Duduk bertiga di teras rumah dibawah hembusan angin semilir yang menentramkan hati. Tenang dalam naungan cinta di setiap suapan yang mendarat di mulut.
Bersamamu cinta bertebaran dimana mana. Pun pada pohon mangga yang berbuah ayam...
upps....emang ada ?
Di halaman belakang rumah ada pohon mangga, setiap tiba waktu maghrib ayam ayam yang kau pelihara naik ke atas pohon agar selamat dari gangguan binatang malam. Dari ayam ayam itu kau ambil telurnya, sesekali kau potong demi memberi gizi untuk pertumbuhan anakmu.
Makanya banyak ranjau di bawah pohonnya yang berasal dari ayam-ayam yang dipelihara
Cinta yang ada padamu tak ada habisnya. pada kayuhan sepeda menuju ke pasar. Demi mendapatkan sayuran, wortel dan pisang. lagi-lagi kau ingin anakmu mendapat gizi sempurna.
Pada setiap kayuhan sepeda yang jauhnya membuat bokong terasa pegal tiada tara. kau bawa anakmu satu persatu ke puskesmas. Demi mendapatkan obat panas, batuk dan pilek yang menyerang tubuh ringkih.
Jangan dikira tak ada cinta pada seonggok cucian yang kau bawa ke kali.
Karena air sumur rumah kita di penuhi buluh bambu yang gatal bila kena kulit sang buah hati.

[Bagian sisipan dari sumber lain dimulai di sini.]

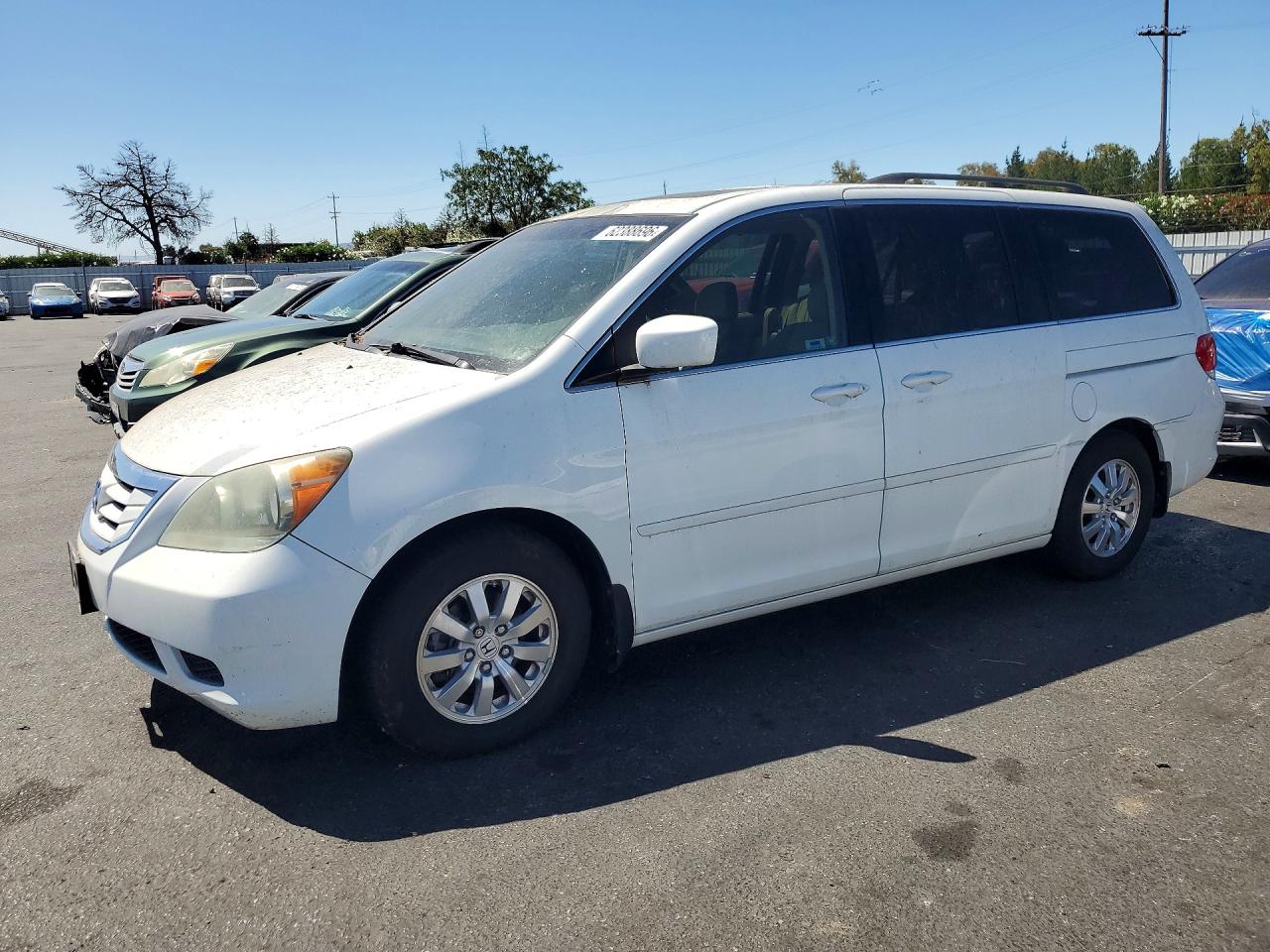 2009 Honda Odyssey EX-L, VIN 5FNRL38789B038933 — Minor dents and scratches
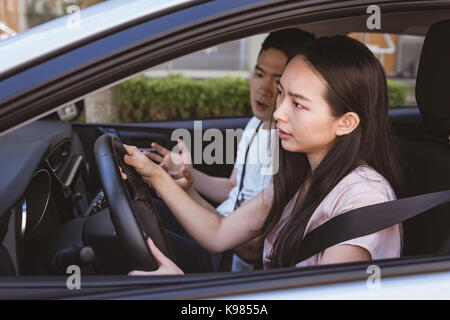 Couple arguing in the car on a sunny day Stock Photo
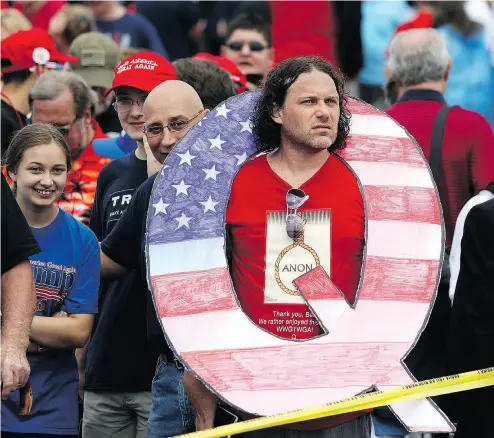  ?? RICK LOOMIS / GETTY IMAGES ?? David Reinert was one of the people cameras caught holding “Q” signs while waiting in line to see U.S. President Donald Trump at a rally on Thursday in Wilkes-Barre, Pennsylvan­ia.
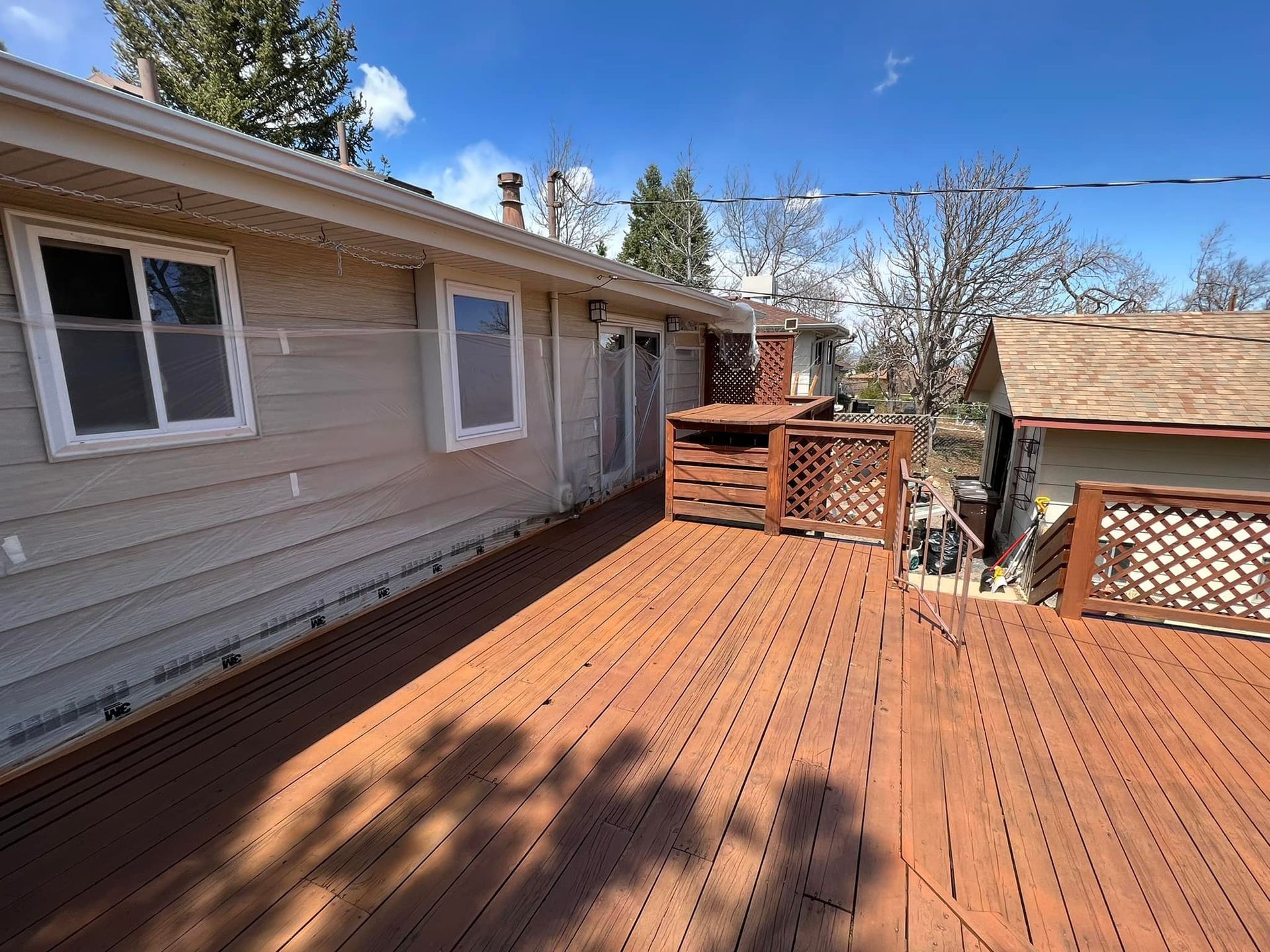 There is a large wooden deck in front of a house.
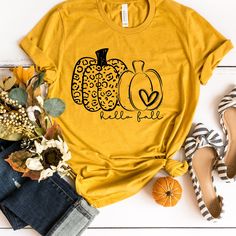 "Hello Fall Leopard Pumpkin Shirt, Leopard Print Pumpkin Fall Shirt, Ladies Fall Shirt, Halloween Pumpkin Shirt, Leopard Halloween Tee *Made to Order* All of our shirts are made to order with the sizes, colors and image specifications selected at the time your order is placed, and printed right here in the Dallas, Texas area, USA! Unless otherwise specified, our graphic tees are printed (not vinyl). We use a state of the art Direct to Garment printer which uses Eco-friendly water-based inks, sim Casual Yellow Top For Halloween, Yellow Graphic Tee For Fall, Yellow Graphic Print Shirt For Fall, Fall Yellow Crew Neck Shirt, Casual Yellow Halloween T-shirt, Yellow Crew Neck Shirt For Fall, Wedding Hoodie, Leopard Print Pumpkin, Hay Ride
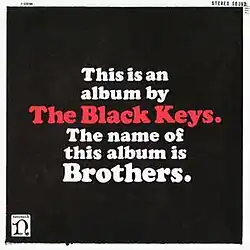 The words "This is an album by the Black Keys. The name of this album is Brothers," in block letter on a black background. "The Black Keys" is in red while the rest is in white.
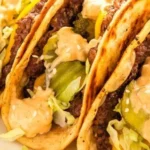 Smash burger tacos with fresh toppings and a crispy shell.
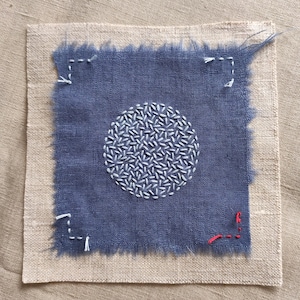 Puede incluir: Un parche textil cuadrado con un centro azul y un borde beige. El centro azul presenta un círculo bordado blanco. Las costuras blancas y rojas acentúan las esquinas. Los bordes de la tela azul están deshilachados.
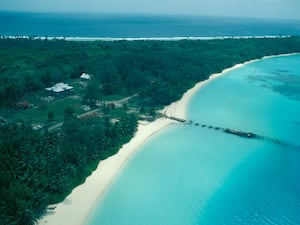 An aerial view of roads, buildings and forest on Diego Garcia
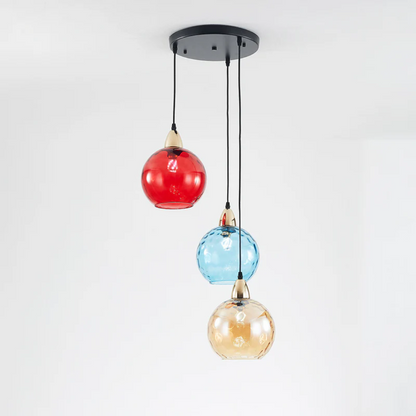 Lustre triple avec base ronde noire et globes en verre strié rouge, bleu et ambre.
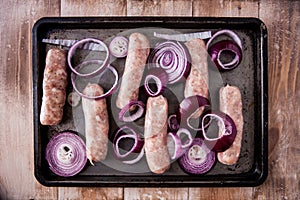 Baking tray with six raw pork and apple sausages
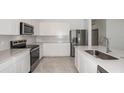 Beautiful kitchen featuring stainless steel appliances, white cabinets and large island with sink at 6826 Sw 90Th Loop, Ocala, FL 34476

Pada setiap langkah menyusuri pematang sawah menuju sungai yang airnya melimpah kau taburkan cinta berbongkah bongkah pada setiap baju yang kau kumbah.
Cintamu tertanam sangat dalam pada sanubari hingga terasa sampai bila bila nanti. Bersemayam di lubuk hati menghiasi jalan hidup. Banyaknya cinta yang kau tempatkan sejak dulu, kan mengalir untuk keturunan kelak tak kan ada habisnya.
Terima kasih ibu dan bapak, kau wariskan cinta untuk diturunkan.